As throughout Russian society more generally, military planning follows a strict hierarchical, top-down, structure. The Force Commander chooses the course of action (COA), and the commander’s staff details how to proceed with this COA. According to Grau and Bartles (2016), the military staffs are smaller than those of NATO. Logistics planning often follows predefined principles, well-exercised scenarios, and calculations of ammunition consumption, attrition, and so on. Logistics on the army group and brigade levels are hence standardized and largely follow the same principles as they did in the Soviet era.
Military Logistics: Logistics Culmination
If logistics cannot keep up with the operational pace, logistics culmination occurs (Kress, 2016). Logistics culmination, signifying that logistical resources are exhausted, happens for different reasons. As the area of operation grows geographically, more transport resources are required to cover greater transportation distances. If the pace of operations is higher than anticipated, logistics may struggle to keep pace. Operation Desert Storm in Kuwait clearly demonstrated this in 1991, when the U.S.-led coalition halted operations after 100 hours as operational speed exceeded the logistics capabilities (Hallman, 1993). Adding to this, an opponent can target the supply lines to eliminate both supplies and transport resources (Glas et al., 2013). The consequences of logistics culmination depend on the type of operation and on the types of supply that become unavailable (Ekström, 2022). Put simply, without fuel, a moving military unit must halt. Without a specified type of ammunition, the fighting units must use substitutes with lower quality and precision.

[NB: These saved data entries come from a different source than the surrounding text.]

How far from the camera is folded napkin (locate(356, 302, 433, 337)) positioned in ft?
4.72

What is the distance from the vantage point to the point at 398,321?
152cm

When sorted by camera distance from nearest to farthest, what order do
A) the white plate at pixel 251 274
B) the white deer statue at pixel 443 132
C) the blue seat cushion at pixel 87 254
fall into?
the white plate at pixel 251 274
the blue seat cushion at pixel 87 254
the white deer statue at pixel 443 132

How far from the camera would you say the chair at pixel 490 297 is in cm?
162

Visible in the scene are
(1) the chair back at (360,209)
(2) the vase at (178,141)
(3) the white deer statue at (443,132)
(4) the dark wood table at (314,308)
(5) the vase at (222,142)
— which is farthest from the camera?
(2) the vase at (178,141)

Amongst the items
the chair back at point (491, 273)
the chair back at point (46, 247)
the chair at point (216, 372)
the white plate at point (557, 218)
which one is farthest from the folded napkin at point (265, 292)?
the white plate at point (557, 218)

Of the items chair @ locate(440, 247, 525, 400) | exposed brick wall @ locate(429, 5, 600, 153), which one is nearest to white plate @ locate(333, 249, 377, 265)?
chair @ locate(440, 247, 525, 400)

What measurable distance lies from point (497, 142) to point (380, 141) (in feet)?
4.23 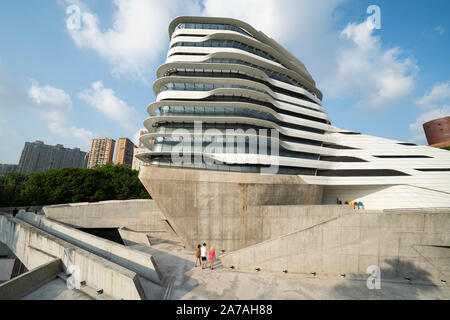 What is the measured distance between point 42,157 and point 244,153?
173885mm

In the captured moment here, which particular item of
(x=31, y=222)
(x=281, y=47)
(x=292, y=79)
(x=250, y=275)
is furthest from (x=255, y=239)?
(x=281, y=47)

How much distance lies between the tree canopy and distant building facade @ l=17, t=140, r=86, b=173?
12406 cm

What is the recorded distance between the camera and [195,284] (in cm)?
984

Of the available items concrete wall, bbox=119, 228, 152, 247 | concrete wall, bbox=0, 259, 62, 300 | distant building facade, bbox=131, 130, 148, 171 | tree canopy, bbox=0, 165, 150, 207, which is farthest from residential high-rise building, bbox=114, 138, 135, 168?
concrete wall, bbox=0, 259, 62, 300

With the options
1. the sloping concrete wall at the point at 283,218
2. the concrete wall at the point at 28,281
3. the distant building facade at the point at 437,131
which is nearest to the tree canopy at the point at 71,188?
the concrete wall at the point at 28,281

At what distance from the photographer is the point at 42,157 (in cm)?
13138

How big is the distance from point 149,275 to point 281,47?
118ft

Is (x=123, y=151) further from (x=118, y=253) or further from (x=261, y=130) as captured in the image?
(x=118, y=253)

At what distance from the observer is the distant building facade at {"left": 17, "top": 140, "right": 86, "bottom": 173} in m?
126

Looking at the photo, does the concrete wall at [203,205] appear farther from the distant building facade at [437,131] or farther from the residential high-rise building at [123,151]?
the residential high-rise building at [123,151]

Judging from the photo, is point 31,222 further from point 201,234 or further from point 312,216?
point 312,216

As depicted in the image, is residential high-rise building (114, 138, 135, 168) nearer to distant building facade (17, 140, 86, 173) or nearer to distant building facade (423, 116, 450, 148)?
distant building facade (17, 140, 86, 173)

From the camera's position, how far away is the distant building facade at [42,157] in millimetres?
126438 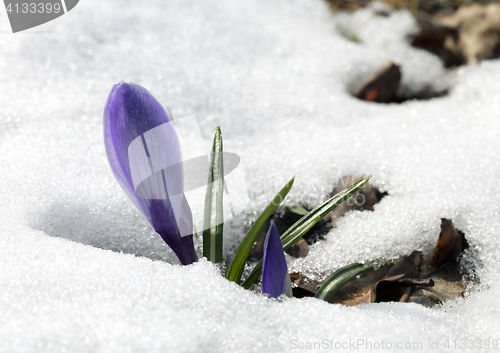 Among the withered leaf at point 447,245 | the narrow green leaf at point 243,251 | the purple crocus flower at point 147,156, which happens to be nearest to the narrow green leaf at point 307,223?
the narrow green leaf at point 243,251

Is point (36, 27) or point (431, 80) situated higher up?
point (36, 27)

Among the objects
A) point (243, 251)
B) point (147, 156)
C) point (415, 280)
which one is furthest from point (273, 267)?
point (415, 280)

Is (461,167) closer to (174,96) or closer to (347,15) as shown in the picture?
(174,96)

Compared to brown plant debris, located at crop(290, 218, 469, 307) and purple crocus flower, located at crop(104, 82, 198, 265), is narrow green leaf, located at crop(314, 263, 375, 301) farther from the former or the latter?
purple crocus flower, located at crop(104, 82, 198, 265)

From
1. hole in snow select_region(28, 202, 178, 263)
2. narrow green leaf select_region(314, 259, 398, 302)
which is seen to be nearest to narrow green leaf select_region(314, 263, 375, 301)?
narrow green leaf select_region(314, 259, 398, 302)

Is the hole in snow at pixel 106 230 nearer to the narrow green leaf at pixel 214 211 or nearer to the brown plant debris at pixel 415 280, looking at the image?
the narrow green leaf at pixel 214 211

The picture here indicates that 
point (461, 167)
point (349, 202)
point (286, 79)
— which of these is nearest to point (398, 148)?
point (461, 167)

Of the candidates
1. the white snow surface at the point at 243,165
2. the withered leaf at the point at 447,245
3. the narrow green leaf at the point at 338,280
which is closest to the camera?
the white snow surface at the point at 243,165

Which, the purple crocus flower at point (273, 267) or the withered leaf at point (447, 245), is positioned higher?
the purple crocus flower at point (273, 267) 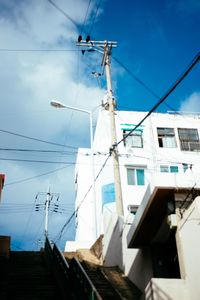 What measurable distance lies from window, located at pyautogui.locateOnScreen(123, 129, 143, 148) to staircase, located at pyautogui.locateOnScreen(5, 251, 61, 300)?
1600 centimetres

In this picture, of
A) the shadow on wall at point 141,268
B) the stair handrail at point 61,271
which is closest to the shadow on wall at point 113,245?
the shadow on wall at point 141,268

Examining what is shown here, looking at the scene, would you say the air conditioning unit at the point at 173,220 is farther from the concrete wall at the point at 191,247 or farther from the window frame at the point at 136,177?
the window frame at the point at 136,177

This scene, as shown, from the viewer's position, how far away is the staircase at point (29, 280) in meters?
11.3

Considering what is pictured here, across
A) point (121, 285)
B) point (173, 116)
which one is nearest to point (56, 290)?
point (121, 285)

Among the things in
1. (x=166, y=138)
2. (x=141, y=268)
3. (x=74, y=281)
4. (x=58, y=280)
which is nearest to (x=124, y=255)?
(x=141, y=268)

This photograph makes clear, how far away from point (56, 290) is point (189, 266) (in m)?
4.32

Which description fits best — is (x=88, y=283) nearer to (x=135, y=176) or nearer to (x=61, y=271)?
(x=61, y=271)

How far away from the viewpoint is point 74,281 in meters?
10.3

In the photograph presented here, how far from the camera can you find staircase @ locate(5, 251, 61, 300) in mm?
11266

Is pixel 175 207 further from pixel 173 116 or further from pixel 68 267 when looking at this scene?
pixel 173 116

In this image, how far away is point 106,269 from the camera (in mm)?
16812

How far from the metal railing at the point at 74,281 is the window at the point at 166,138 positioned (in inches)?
794

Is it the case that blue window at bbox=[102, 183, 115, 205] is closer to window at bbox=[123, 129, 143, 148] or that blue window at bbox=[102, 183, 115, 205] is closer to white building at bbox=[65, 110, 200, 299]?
white building at bbox=[65, 110, 200, 299]

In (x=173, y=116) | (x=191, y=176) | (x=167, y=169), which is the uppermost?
(x=173, y=116)
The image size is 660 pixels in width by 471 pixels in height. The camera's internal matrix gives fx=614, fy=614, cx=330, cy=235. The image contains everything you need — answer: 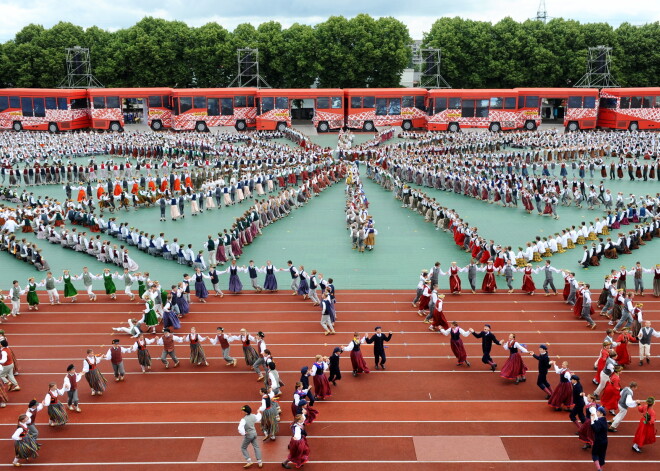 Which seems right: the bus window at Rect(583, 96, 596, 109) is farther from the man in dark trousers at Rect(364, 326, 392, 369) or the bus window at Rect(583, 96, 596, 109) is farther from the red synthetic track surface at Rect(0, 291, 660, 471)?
the man in dark trousers at Rect(364, 326, 392, 369)

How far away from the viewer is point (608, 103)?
47.5 m

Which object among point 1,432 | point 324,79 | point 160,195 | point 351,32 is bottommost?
point 1,432

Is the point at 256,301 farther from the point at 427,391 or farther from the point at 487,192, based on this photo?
the point at 487,192

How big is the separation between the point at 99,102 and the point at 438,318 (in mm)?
40635

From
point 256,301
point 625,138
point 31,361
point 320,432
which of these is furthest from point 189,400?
point 625,138

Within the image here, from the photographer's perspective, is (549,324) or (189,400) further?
(549,324)

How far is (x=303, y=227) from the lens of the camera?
23.4m

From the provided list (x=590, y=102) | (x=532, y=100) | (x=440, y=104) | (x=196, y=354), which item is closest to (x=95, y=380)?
(x=196, y=354)

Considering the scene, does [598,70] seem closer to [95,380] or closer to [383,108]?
[383,108]

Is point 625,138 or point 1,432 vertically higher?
point 625,138

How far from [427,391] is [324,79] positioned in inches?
1933

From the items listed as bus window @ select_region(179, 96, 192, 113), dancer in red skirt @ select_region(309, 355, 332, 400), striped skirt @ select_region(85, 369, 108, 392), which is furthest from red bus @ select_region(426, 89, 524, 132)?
striped skirt @ select_region(85, 369, 108, 392)

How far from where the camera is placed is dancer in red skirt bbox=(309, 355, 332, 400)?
35.6 feet

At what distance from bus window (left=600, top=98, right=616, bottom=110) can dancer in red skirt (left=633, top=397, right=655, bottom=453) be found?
141 feet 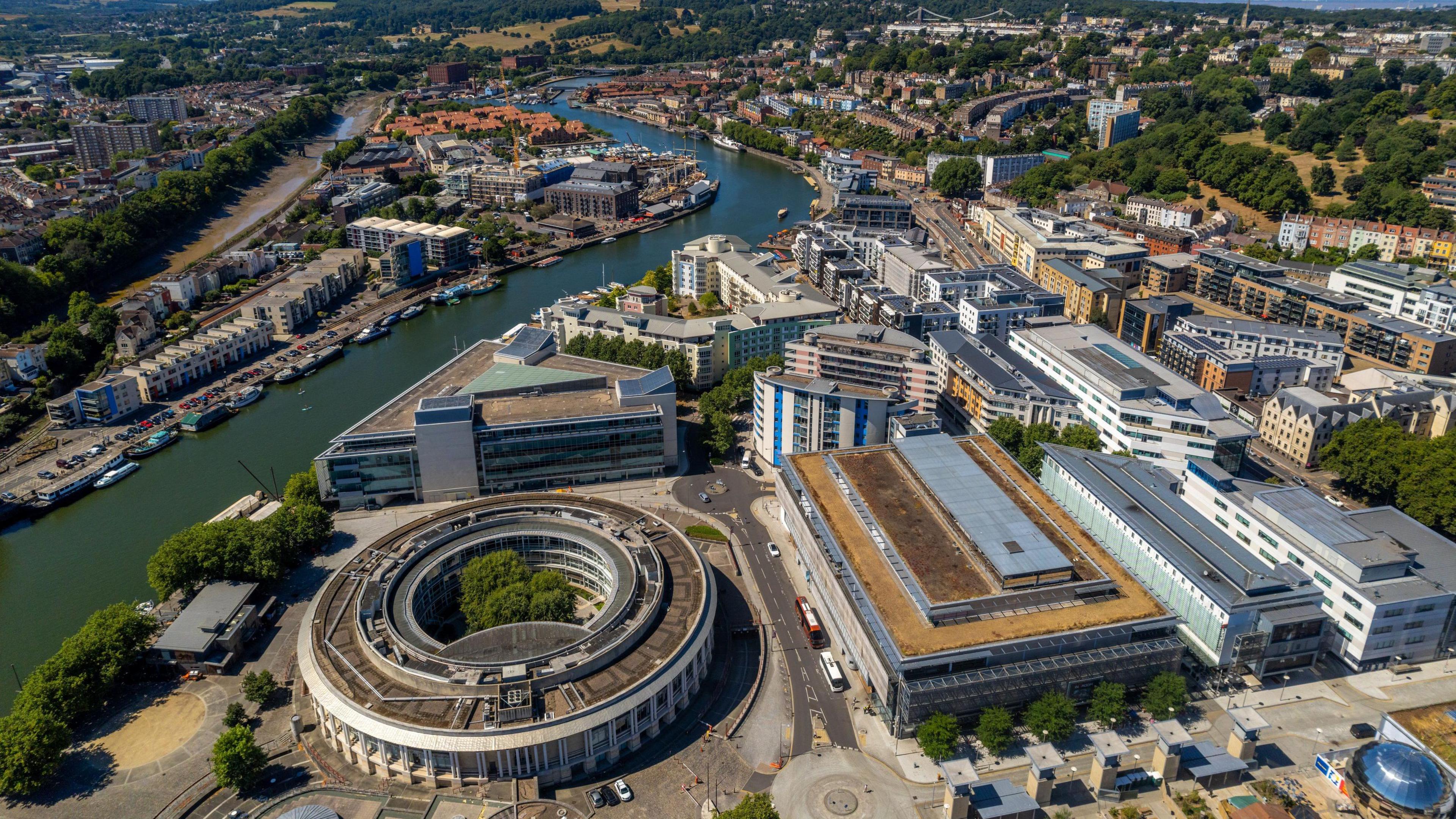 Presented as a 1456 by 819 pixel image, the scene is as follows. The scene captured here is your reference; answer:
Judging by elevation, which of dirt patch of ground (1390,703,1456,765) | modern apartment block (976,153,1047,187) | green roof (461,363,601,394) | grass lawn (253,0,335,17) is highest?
grass lawn (253,0,335,17)

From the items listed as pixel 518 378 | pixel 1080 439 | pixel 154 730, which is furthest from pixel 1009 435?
pixel 154 730

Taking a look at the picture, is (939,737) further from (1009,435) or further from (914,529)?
(1009,435)

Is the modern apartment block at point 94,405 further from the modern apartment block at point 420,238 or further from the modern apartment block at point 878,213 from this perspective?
the modern apartment block at point 878,213

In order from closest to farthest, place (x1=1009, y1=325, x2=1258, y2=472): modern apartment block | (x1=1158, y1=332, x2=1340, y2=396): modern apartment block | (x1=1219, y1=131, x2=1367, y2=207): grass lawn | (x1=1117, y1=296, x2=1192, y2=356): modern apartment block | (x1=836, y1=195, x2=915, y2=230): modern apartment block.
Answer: (x1=1009, y1=325, x2=1258, y2=472): modern apartment block, (x1=1158, y1=332, x2=1340, y2=396): modern apartment block, (x1=1117, y1=296, x2=1192, y2=356): modern apartment block, (x1=1219, y1=131, x2=1367, y2=207): grass lawn, (x1=836, y1=195, x2=915, y2=230): modern apartment block

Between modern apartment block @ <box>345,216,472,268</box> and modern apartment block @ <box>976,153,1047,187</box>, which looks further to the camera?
modern apartment block @ <box>976,153,1047,187</box>

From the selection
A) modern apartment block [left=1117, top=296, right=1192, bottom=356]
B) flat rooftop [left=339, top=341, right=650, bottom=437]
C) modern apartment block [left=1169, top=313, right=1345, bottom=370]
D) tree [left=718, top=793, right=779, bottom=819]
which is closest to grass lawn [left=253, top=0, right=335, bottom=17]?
flat rooftop [left=339, top=341, right=650, bottom=437]

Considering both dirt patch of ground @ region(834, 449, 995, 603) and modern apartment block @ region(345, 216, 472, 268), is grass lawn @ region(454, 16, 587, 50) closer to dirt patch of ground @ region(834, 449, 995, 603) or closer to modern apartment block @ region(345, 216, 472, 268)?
modern apartment block @ region(345, 216, 472, 268)

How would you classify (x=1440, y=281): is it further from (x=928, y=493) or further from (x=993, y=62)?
(x=993, y=62) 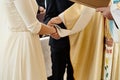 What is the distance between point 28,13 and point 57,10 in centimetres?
46

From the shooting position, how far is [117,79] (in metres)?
1.51

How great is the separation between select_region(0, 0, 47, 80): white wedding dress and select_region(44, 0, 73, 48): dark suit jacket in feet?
1.03

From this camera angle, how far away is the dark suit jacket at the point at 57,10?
1.57 metres

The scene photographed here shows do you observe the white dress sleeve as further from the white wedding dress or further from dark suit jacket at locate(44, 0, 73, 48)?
dark suit jacket at locate(44, 0, 73, 48)

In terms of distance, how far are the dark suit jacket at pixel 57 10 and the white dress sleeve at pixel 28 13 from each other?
1.15 ft

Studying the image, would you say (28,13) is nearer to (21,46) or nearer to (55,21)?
(21,46)

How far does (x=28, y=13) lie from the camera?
47.4 inches

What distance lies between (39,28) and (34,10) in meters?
0.11

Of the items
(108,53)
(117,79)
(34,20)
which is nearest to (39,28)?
(34,20)

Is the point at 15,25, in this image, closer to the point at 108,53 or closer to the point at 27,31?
the point at 27,31

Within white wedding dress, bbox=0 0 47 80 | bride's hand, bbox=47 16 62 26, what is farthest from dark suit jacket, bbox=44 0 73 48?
white wedding dress, bbox=0 0 47 80

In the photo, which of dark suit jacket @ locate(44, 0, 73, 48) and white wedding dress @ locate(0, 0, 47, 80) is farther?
dark suit jacket @ locate(44, 0, 73, 48)

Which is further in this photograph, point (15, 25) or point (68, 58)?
point (68, 58)

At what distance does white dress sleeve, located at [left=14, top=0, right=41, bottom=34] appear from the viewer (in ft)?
3.87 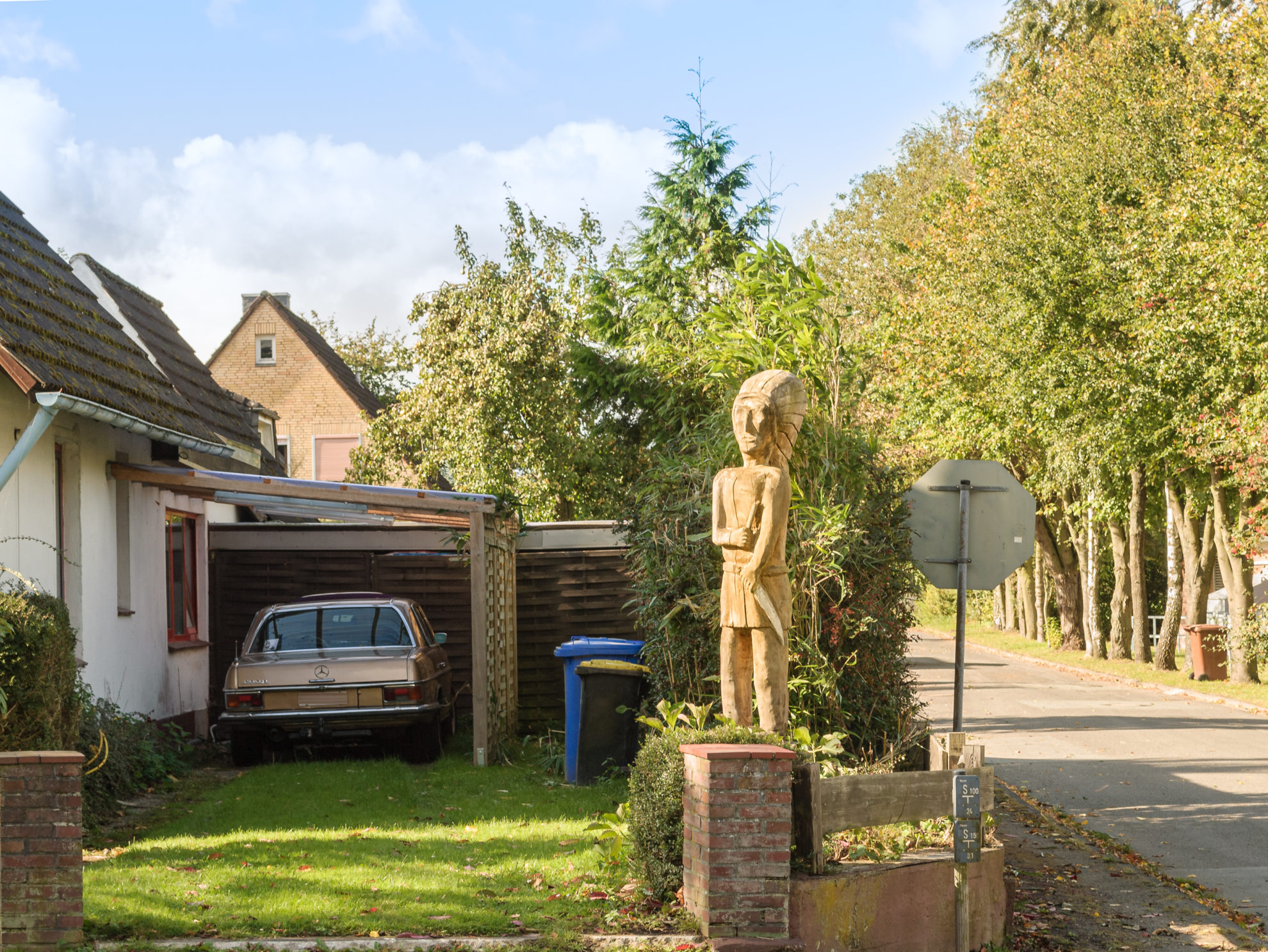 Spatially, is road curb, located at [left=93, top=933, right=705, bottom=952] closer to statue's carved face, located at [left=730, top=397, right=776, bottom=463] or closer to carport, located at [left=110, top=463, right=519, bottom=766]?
statue's carved face, located at [left=730, top=397, right=776, bottom=463]

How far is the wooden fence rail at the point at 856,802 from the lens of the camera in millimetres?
6359

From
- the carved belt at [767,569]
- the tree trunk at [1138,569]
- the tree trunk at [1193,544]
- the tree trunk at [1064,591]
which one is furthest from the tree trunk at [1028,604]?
the carved belt at [767,569]

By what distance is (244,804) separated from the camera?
32.7 ft

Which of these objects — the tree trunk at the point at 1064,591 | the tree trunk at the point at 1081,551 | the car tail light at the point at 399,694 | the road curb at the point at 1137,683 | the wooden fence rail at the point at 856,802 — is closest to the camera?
the wooden fence rail at the point at 856,802

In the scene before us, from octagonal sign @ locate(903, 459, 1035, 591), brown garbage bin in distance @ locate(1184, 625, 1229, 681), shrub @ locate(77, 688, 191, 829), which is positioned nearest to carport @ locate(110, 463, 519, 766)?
shrub @ locate(77, 688, 191, 829)

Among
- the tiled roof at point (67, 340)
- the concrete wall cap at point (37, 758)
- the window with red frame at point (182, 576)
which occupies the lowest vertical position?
the concrete wall cap at point (37, 758)

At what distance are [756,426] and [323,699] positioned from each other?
5897mm

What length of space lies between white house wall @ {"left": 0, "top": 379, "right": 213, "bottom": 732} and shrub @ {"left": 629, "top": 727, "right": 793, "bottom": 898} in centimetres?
498

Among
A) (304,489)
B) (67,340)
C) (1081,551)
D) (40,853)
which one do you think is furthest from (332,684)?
(1081,551)

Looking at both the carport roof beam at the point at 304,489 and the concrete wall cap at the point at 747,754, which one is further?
the carport roof beam at the point at 304,489

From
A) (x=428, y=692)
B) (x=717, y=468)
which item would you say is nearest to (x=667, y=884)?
(x=717, y=468)

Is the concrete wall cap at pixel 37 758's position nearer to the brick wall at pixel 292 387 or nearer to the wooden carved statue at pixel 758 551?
the wooden carved statue at pixel 758 551

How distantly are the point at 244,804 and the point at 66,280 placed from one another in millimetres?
6281

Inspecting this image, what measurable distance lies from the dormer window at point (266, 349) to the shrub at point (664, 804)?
130 ft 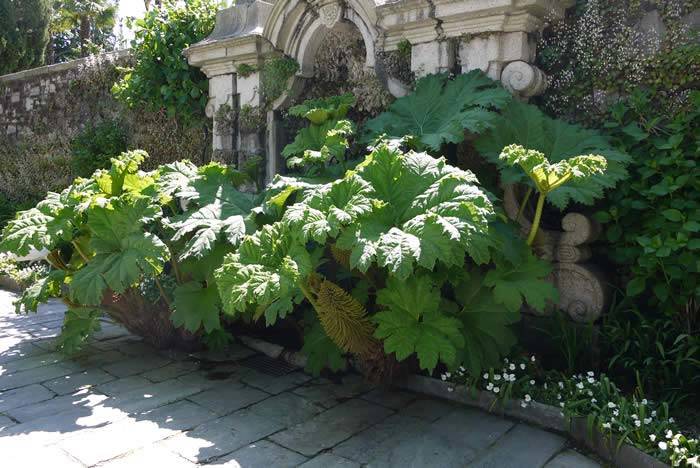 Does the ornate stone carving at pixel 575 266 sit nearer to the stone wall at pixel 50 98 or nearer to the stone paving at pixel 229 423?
the stone paving at pixel 229 423

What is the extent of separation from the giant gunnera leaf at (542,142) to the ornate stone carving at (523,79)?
0.22m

Prebilič (2006) shows that logistics effectiveness decreases as the distance that must be covered increases (Figure 3). To illustrate this point, in a convoy traveling 50 kilometers at an average speed of 50 km/h, each truck driver can make three turns a day (one hour to drive each way, one hour to load, and one hour to unload makes a 12-hour day). If the distance between the depot and the frontline doubles to 100 km, the capacity decreases by 33%. Moving another 50 kilometres into the area of operations, transport capacity is down to just 33% of original capacity – in total six hours of driving, two hours of loading/unloading (Listou & Ekström, 2022). Beyond this point, logistics will always fall short because the driver will not make it back to base in time, even assuming that the driver is allowed proper rest and the vehicle receives necessary maintenance (Vershining, 2021).
Prebilič (2006) also points to another significant challenge of military logistics: given the unpredictable nature of war, logistics can become undersized. Stochastic variations in the ordering and delivery cycle tend to amplify one another and accumulate throughout the supply chain (a phenomenon called the Bullwhip effect: see, for example, Forrester, 1958), which could lead to a logistics vacuum (Figure 4). If logistics are not aligned with the operational pace, supplies ordered to close the gap will eventually surpass the needs of the combatants on account of a tendency to order more than required, “just in case,” to cover for uncertainties in distribution time, supply opportunities, and actual demand. Consequently, fighting units receive too much supply at the wrong time and place, which could congest supply lines and fill up storage capacity.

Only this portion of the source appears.